Directions ▸
Here is the task for the records below: repeat exactly the lines from the one with "Úsvit dne D: Tito" to the one with "Cómo Hacer un Exfoliante para Cara 2", both included, and nothing else.

Provided data ▸
——————————

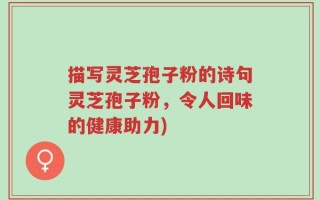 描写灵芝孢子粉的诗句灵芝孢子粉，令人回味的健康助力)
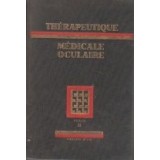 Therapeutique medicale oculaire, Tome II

——————————

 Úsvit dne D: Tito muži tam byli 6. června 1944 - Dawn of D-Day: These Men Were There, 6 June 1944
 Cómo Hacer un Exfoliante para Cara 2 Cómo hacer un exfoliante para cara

——————————

Response area ▸
 Úsvit dne D: Tito muži tam byli 6. června 1944 - Dawn of D-Day: These Men Were There, 6 June 1944
 Cómo Hacer un Exfoliante para Cara 2 Cómo hacer un exfoliante para cara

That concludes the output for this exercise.